Le nouveau magnat des médias en faillite ne supporte pas ceux qui n’utilisent pas l’IA
S’inspirant de la façon qu’avaient eu Bernard Tapie, Vincent Bolloré et Bernard Arnault de bâtir leurs empires financiers, un entrepreneur et influenceur français rachète des entreprises « en redressement judiciaire, sans reprendre la moindre dette ». Ses cibles : des médias, qu’il fait carburer à l’IA.
Un entrepreneur français de 34 ans, ancien avocat, a racheté en quelques mois trois titres de presse économique en difficulté financière : Le Revenu, Le Nouvel Économiste et IT FACTO, un groupe éditant une dizaine de médias spécialisés dans la tech comme Le Monde Informatique, CIO et Distributique. Son entreprise, nommée Overlord Media, vise à créer un conglomérat de médias en France, avec un objectif de chiffre d’affaires compris entre 5 et 50 millions d’euros en cinq ans, avant une éventuelle introduction en bourse. Inspiré par des figures comme Bernard Tapie ou Bernard Arnault, il mise sur une stratégie de rachat d’entreprises en redressement judiciaire sans reprendre leurs dettes. Son ambition est de positionner ses médias comme des références francophones sur les technologies, l’intelligence artificielle et la transformation numérique des entreprises.
L’entrepreneur, Gaspard de Monclin, fait de l’intelligence artificielle (IA) un pilier central de son modèle économique. Il affirme que « les médias, c’est le meilleur endroit où mettre de l’IA » et que ceux qui ne l’utilisent pas devraient être « virés » car ils ralentissent l’équipe. Overlord Media se présente comme une boîte tech employant autant d’ingénieurs que de journalistes, avec une approche où l’IA est utilisée pour générer du contenu, automatiser des tâches ou interagir avec les audiences. Par exemple, des vidéos promotionnelles sont réalisées avec l’aide de l’IA, et des interactions sur les réseaux sociaux sont simulées par des outils automatisés. L’objectif est d’optimiser les coûts et d’accélérer la production de contenu.
Gaspard de Monclin adopte une stratégie de communication proche de celle des influenceurs plutôt que des journalistes traditionnels. Sur des plateformes comme LinkedIn, Instagram et YouTube, il apparaît systématiquement en personne au-dessus de ses éditoriaux et vidéos, souvent générés avec l’aide de l’IA. Ses publications se terminent par des appels à suivre ses comptes ou à investir dans ses levées de fonds, parfois en partenariat avec les médias qu’il possède. Par exemple, une vidéo parodie une conférence de presse sportive pour promouvoir ses acquisitions, en utilisant un ton sensationnaliste et des métaphores comme un « mercato » (terme sportif désignant la période d’échanges de joueurs) pour décrire ses rachats de médias. Ces vidéos ne précisent pas toujours que les questions sont posées par une IA ou que les réponses proviennent des équipes marketing d’Overlord.

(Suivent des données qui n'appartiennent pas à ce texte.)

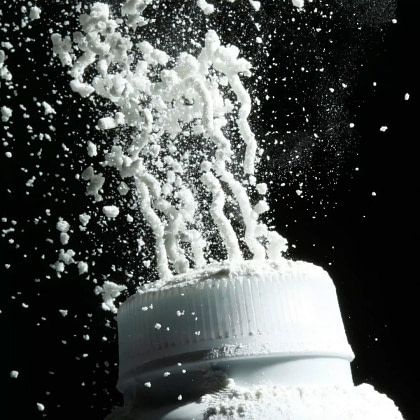 Captures white powder from bottle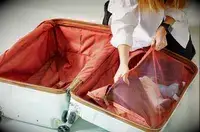 A person adding items into the Delsey Paris Chatelet Air 2.0 26 Inch Trunk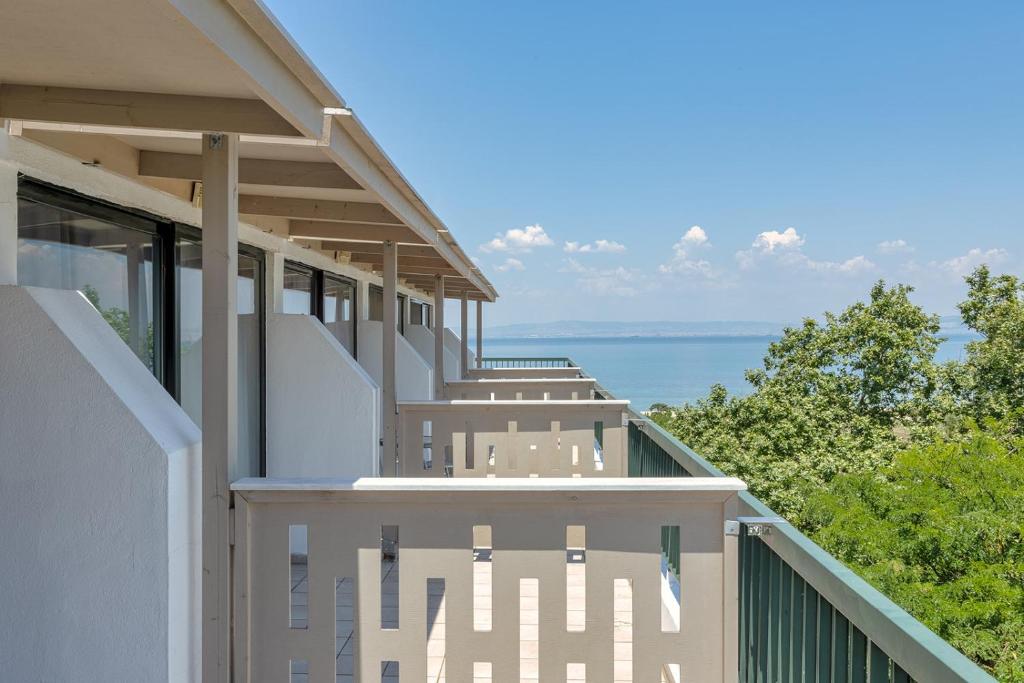 a balcony of a house with a view of the ocean at Sun Beach Hotel in Agia Triada
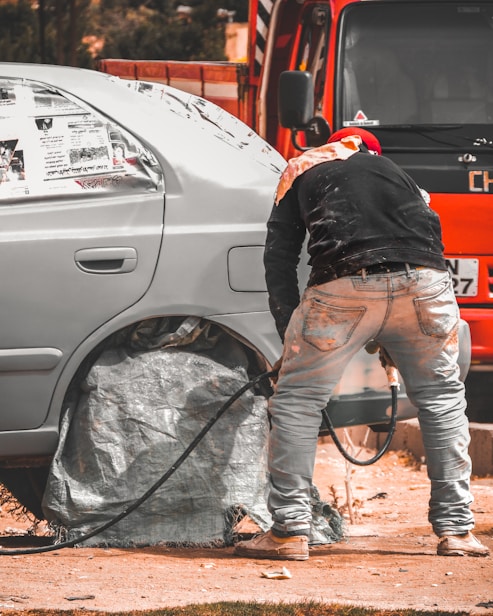 A person is working on a car, likely engaged in some form of maintenance or repair. The car's wheel area is covered, and there is a hose or cable nearby. The orange vehicle or truck is parked closely in the background.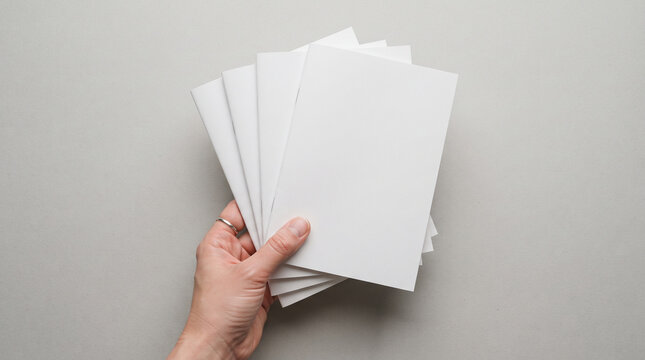 Hand holding a stack of blank white brochures or booklets mockup on a neutral grey background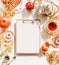 Creative inspiration and ideas autumn flat lay with blank clipboard on white desk with  pumpkin, apples, mini donuts, pastry ,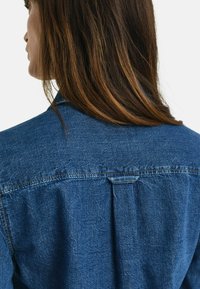 Chemise en denim de couleur bleue, avec un col pointu, un détail de plis au dos et des coutures visibles. Le matériau est doux avec une légère texture.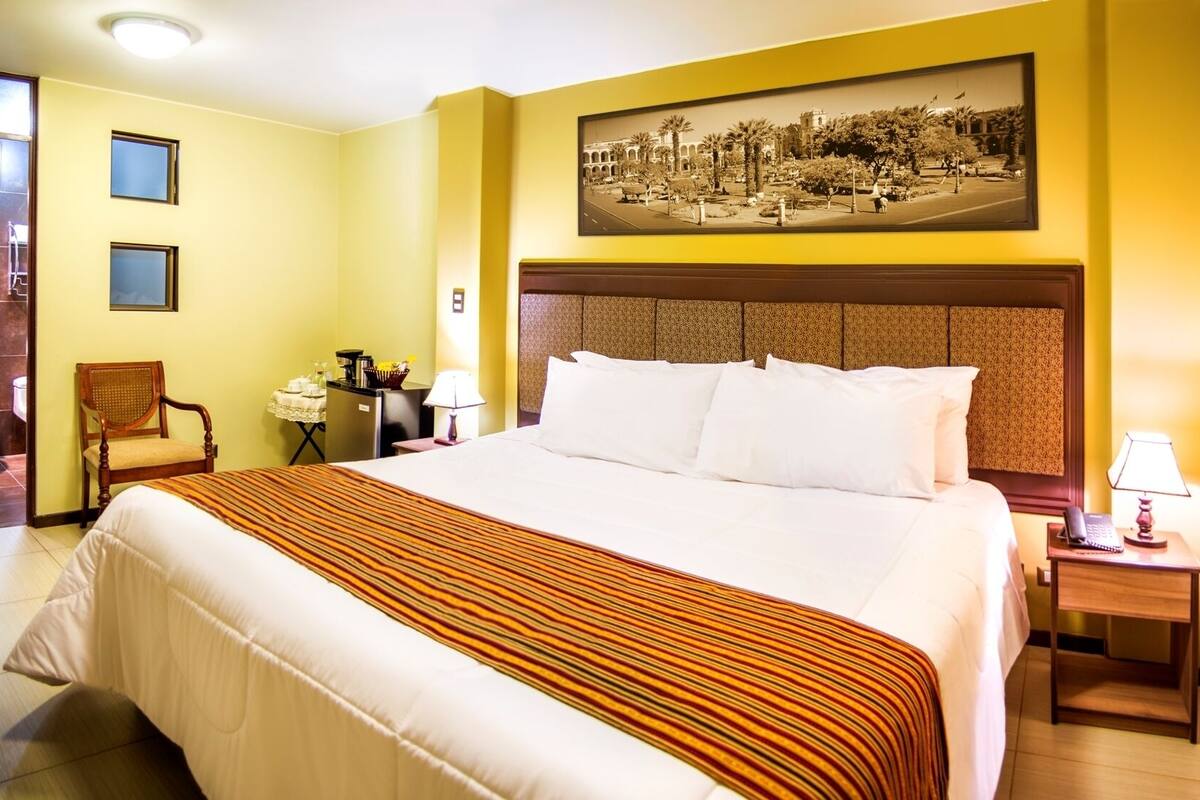 Une chambre d’hôtel avec un grand lit, une chaise, une petite table, une table de chevet et un tableau au mur.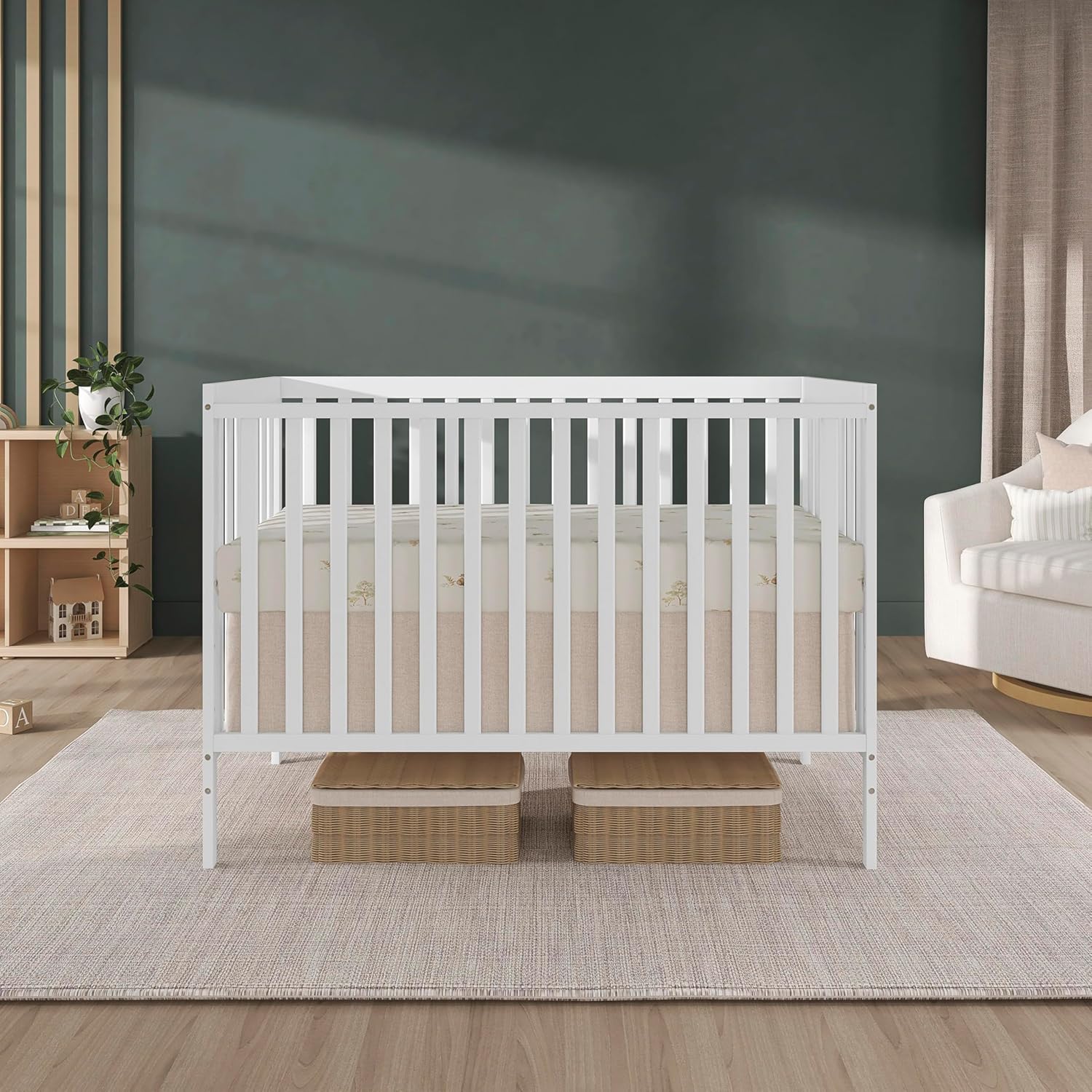 White sustainable pinewood 5-in-1 convertible crib with adjustable mattress height for newborn and toddler sleep — side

Le modèle économique d’Overlord Media repose sur plusieurs leviers controversés. D’une part, l’entreprise ouvre son capital à des investisseurs particuliers via des levées de fonds, leur permettant de participer financièrement à ses acquisitions et à sa croissance. D’autre part, elle utilise des contenus générés ou assistés par l’IA pour réduire les coûts de production et maximiser l’engagement sur les réseaux sociaux. Enfin, ses médias servent de relais pour promouvoir ses propres investissements et levées de fonds, brouillant la frontière entre information et publicité. Cette approche rappelle celle de grands groupes médiatiques comme ceux de Vincent Bolloré ou Bernard Arnault, où les médias sont à la fois des outils d’influence et des actifs financiers.
La stratégie d’Overlord Media suscite des réactions variées. Certains commentateurs soulignent l’aspect épuisant ou artificiel de cette approche, tandis que d’autres s’interrogent sur l’authenticité de Gaspard de Monclin, allant jusqu’à se demander s’il s’agit d’une personne réelle ou d’une entité générée par l’IA. Des internautes proposent même des solutions techniques, comme des extensions de navigateur (*NoGenAI*) pour bloquer les contenus générés par l’IA. Enfin, des critiques pointent le manque de transparence sur les méthodes de production de contenu et la confusion entre information et promotion commerciale, notamment lorsque des médias appartenant à Overlord relaient des appels à investir dans ses propres projets.